**Work item**: Please restate, word for word, the lines below that begin at the one with "सम्मान भिलाई: बप्पा" and end at the one with "2 Колено трубки". Leave out all other lines.

#### Source material ####

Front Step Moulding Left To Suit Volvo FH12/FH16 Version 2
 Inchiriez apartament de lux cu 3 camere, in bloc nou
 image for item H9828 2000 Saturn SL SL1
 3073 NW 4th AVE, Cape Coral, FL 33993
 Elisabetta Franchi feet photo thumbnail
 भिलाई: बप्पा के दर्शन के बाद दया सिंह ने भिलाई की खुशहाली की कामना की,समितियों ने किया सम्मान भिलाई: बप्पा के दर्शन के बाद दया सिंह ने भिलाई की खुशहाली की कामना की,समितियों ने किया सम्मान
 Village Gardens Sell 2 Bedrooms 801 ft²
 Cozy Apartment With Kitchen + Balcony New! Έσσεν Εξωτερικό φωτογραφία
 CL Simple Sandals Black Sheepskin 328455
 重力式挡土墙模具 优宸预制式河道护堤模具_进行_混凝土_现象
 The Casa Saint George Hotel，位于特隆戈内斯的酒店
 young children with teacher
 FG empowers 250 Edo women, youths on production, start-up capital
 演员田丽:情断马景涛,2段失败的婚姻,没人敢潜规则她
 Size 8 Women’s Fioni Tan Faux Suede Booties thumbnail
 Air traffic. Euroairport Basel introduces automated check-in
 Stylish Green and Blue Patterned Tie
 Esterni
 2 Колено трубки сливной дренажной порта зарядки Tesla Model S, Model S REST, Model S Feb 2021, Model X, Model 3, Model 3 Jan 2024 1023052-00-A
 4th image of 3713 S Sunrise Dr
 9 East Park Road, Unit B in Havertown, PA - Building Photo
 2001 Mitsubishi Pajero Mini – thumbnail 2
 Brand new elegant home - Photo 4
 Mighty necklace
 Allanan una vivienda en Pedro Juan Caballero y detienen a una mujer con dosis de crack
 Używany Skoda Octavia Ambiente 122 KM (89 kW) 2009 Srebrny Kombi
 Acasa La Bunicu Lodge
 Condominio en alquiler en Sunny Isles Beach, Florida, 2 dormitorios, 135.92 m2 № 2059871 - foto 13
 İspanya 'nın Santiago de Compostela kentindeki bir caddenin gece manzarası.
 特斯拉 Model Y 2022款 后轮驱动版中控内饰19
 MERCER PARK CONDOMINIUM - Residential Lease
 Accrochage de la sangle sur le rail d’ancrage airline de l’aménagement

####

**Answer for this exercise**:
 भिलाई: बप्पा के दर्शन के बाद दया सिंह ने भिलाई की खुशहाली की कामना की,समितियों ने किया सम्मान भिलाई: बप्पा के दर्शन के बाद दया सिंह ने भिलाई की खुशहाली की कामना की,समितियों ने किया सम्मान
 Village Gardens Sell 2 Bedrooms 801 ft²
 Cozy Apartment With Kitchen + Balcony New! Έσσεν Εξωτερικό φωτογραφία
 CL Simple Sandals Black Sheepskin 328455
 重力式挡土墙模具 优宸预制式河道护堤模具_进行_混凝土_现象
 The Casa Saint George Hotel，位于特隆戈内斯的酒店
 young children with teacher
 FG empowers 250 Edo women, youths on production, start-up capital
 演员田丽:情断马景涛,2段失败的婚姻,没人敢潜规则她
 Size 8 Women’s Fioni Tan Faux Suede Booties thumbnail
 Air traffic. Euroairport Basel introduces automated check-in
 Stylish Green and Blue Patterned Tie
 Esterni
 2 Колено трубки сливной дренажной порта зарядки Tesla Model S, Model S REST, Model S Feb 2021, Model X, Model 3, Model 3 Jan 2024 1023052-00-A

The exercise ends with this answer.